_Task prompt_:
At the line that holds "Burgundy Sweatpants Set", start repeating, and keep going exactly through the final line of the material; include both ends and skip the pictures.

··· Input data

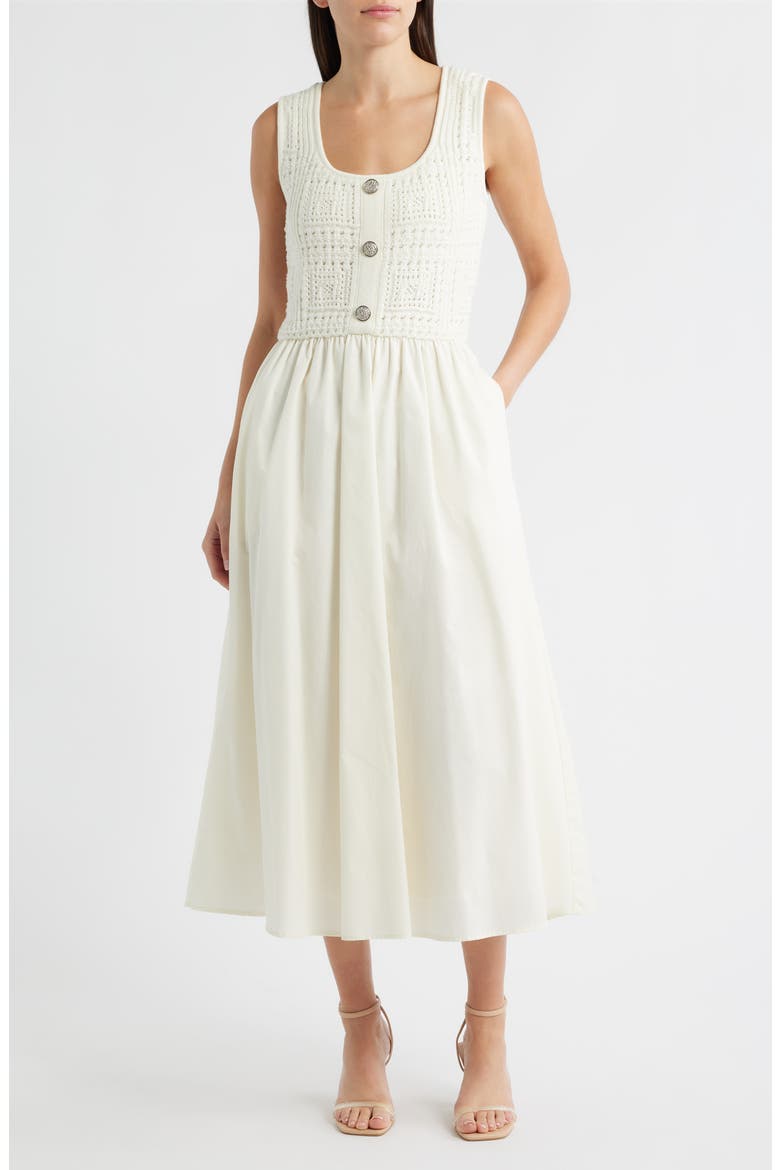 Mixed Media Pointelle Stitch Dress, Main, color, IVORY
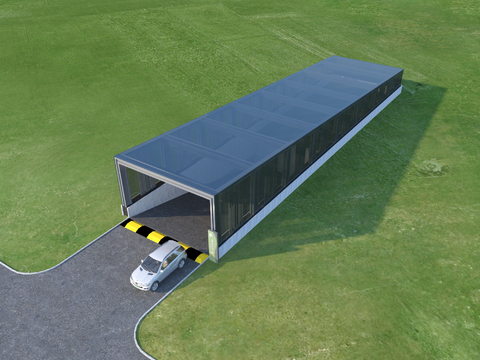  地下车库 停车场出入口3d模型 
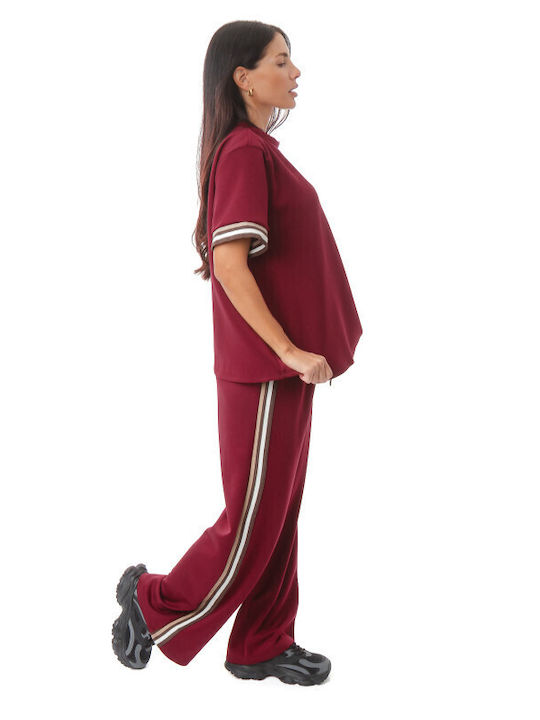 Burgundy Sweatpants Set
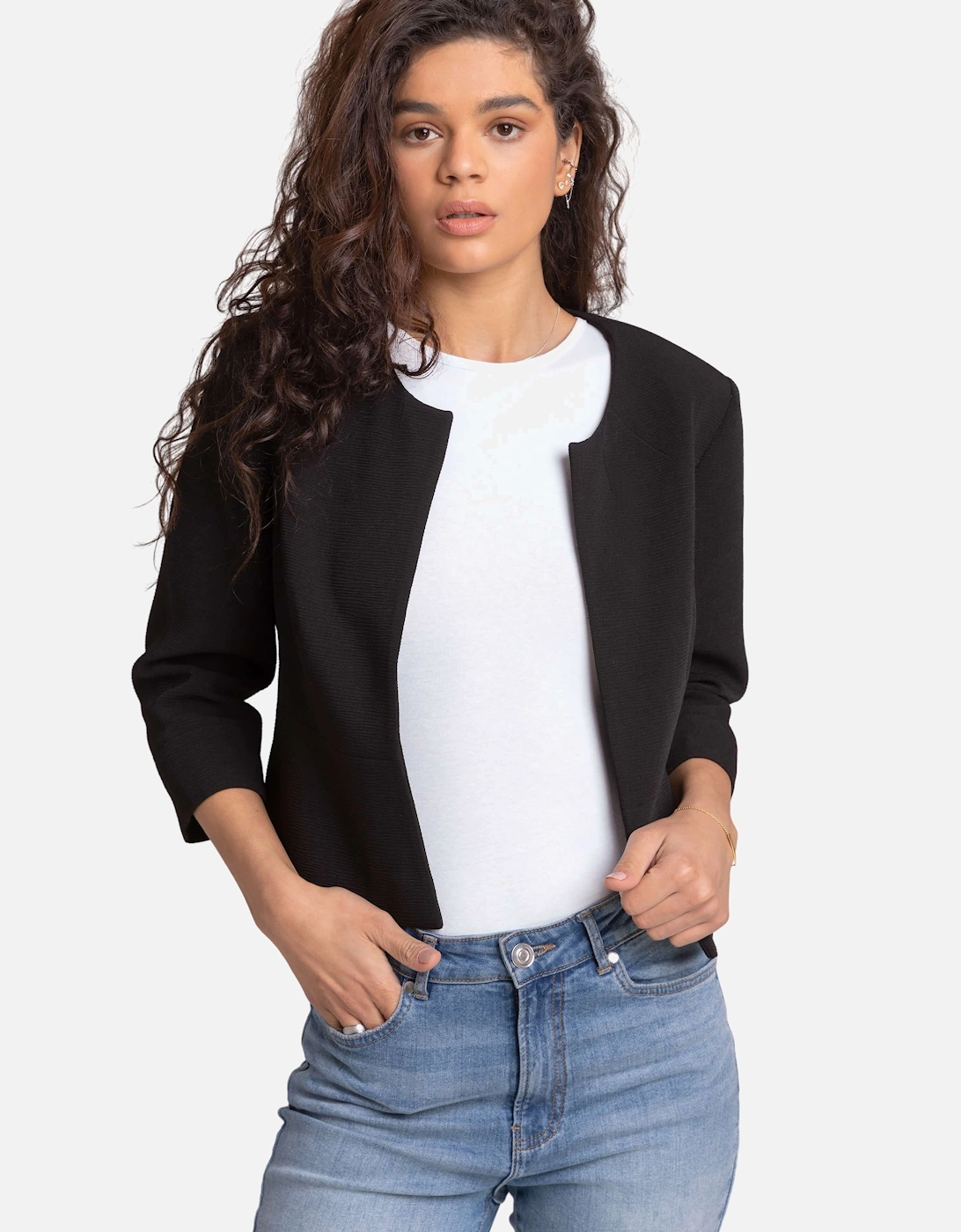 Cropped Bolero Tailored Jaquard Jacket Wedding Shrug Fitted Blazer, 2 of 1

······

_Solution to this problem_:
 Burgundy Sweatpants Set
 Cropped Bolero Tailored Jaquard Jacket Wedding Shrug Fitted Blazer, 2 of 1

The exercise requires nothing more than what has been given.